Beyond Subdomain Takeovers
The risks extend far beyond simple subdomain takeovers. Legacy subdomains can expose sensitive information, create confusion for legitimate users, damage your brand reputation, and provide attackers with reconnaissance information about your infrastructure.
A forgotten subdomain pointing to an old version of your application might contain unpatched vulnerabilities. Even if the subdomain isn’t actively used, it could provide attackers with valuable information about your technology stack, naming conventions, or infrastructure setup. Security through obscurity isn’t real security, but why hand attackers a roadmap?
There’s also the DNS configuration itself. Old subdomains might have missing or misconfigured SPF, DKIM, or DMARC records, making them perfect for email spoofing attacks. An attacker could send emails that appear to come from your domain, and many email security systems would let them through because the DNS records check out.
How Organizations Lose Track
The root cause is usually organizational, not technical. DNS management often falls into a gap between departments. Developers create subdomains for projects. Marketing needs them for campaigns. IT manages the DNS infrastructure. But who tracks what’s actually in use?

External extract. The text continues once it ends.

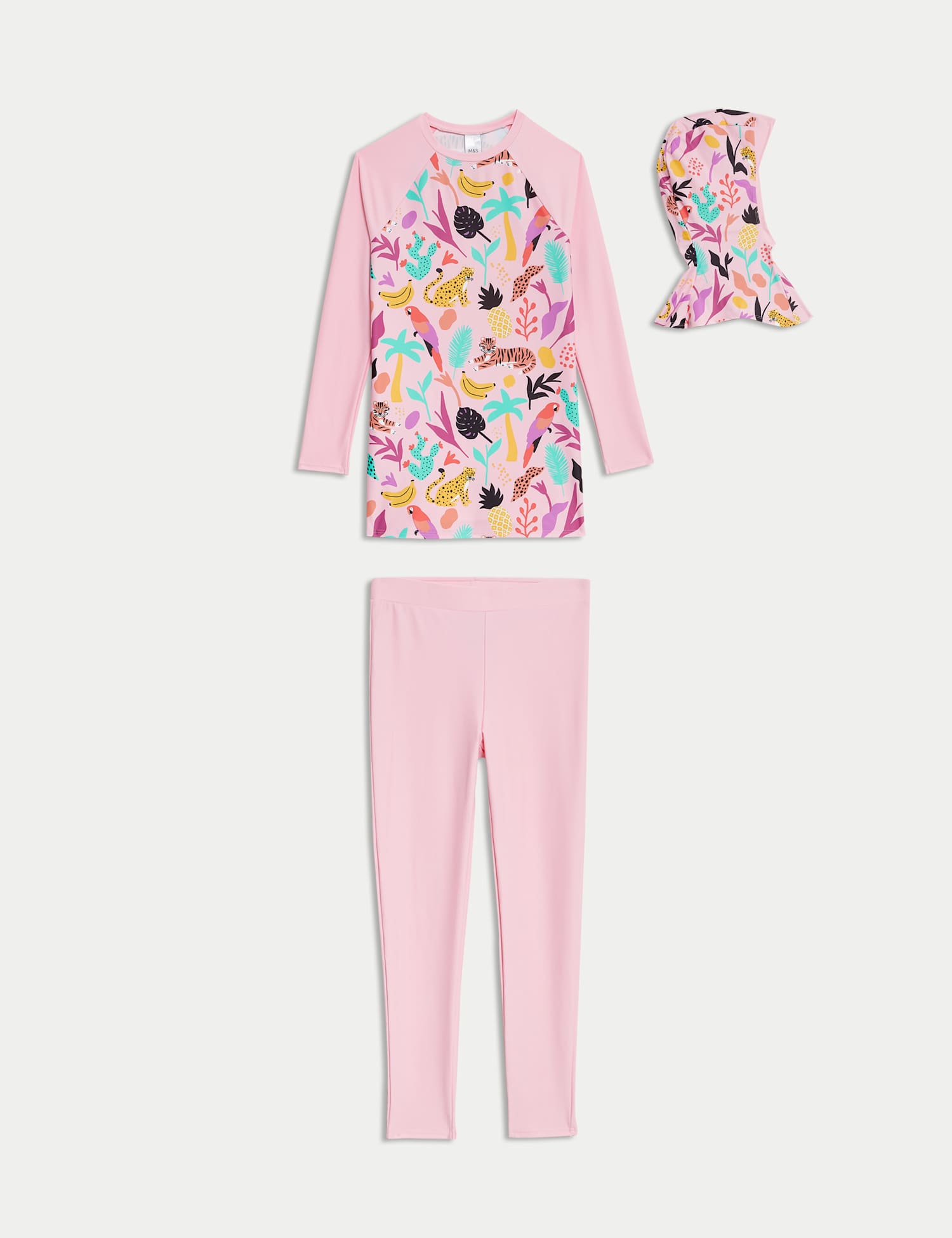 M&S 3pc Palm Print Long Sleeve Swim Set (6-16 Yrs) Pink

When employees leave, their knowledge of specific subdomains often leaves with them. Documentation is rarely comprehensive. Even when it exists, it’s seldom kept up to date. The result is an ever-growing collection of DNS records that nobody fully understands.
Cloud services make this worse. It’s easy to spin up resources, point subdomains at them, and forget about them. When you shut down that cloud service, the DNS record remains, creating an immediate vulnerability if someone else claims that resource identifier.
The Discovery Challenge
You can’t protect what you don’t know about. That’s the fundamental challenge with legacy subdomains. Traditional security scanning focuses on known assets. But how do you scan for subdomains you’ve forgotten exist?
Manual audits are time-consuming and error-prone. Spreadsheets become outdated the moment they’re created. Without automated discovery and continuous monitoring, you’re essentially playing security whack-a-mole – except you can’t see most of the moles.
Taking Control of Your DNS Infrastructure
The solution starts with visibility. You need to know every subdomain associated with your domain, whether you created it intentionally or not. Automated subdomain discovery tools can find these forgotten entries by scanning DNS records, certificate transparency logs, and other public sources.
Once you know what’s out there, you need continuous monitoring. DNS records should be tracked like any other critical asset. When a subdomain points to a resource you no longer control, you need to know immediately – not six months later when it’s being used in an attack.
Regular audits should be part of your security routine. Every subdomain should have an owner, a purpose, and a review date. If nobody can explain why a subdomain exists, it probably shouldn’t. Implement a decommissioning process that includes DNS cleanup. When projects end, make DNS record removal part of the shutdown checklist.
Prevention Is Easier Than Cleanup
The best approach is preventing legacy subdomains from accumulating in the first place. Establish clear policies about subdomain creation. Require documentation and ownership assignment. Build DNS cleanup into your project lifecycle.
Consider using separate domains for different purposes. Test environments don’t need to be subdomains of your production domain. This limits your exposure if something gets forgotten.
Your digital infrastructure is larger than you think. Those forgotten subdomains aren’t harmless remnants of past projects – they’re active security vulnerabilities waiting to be exploited. The organizations that take DNS security seriously are the ones that won’t end up in breach reports. The question isn’t whether you have legacy subdomains creating risk. The question is whether you’ll find them before an attacker does.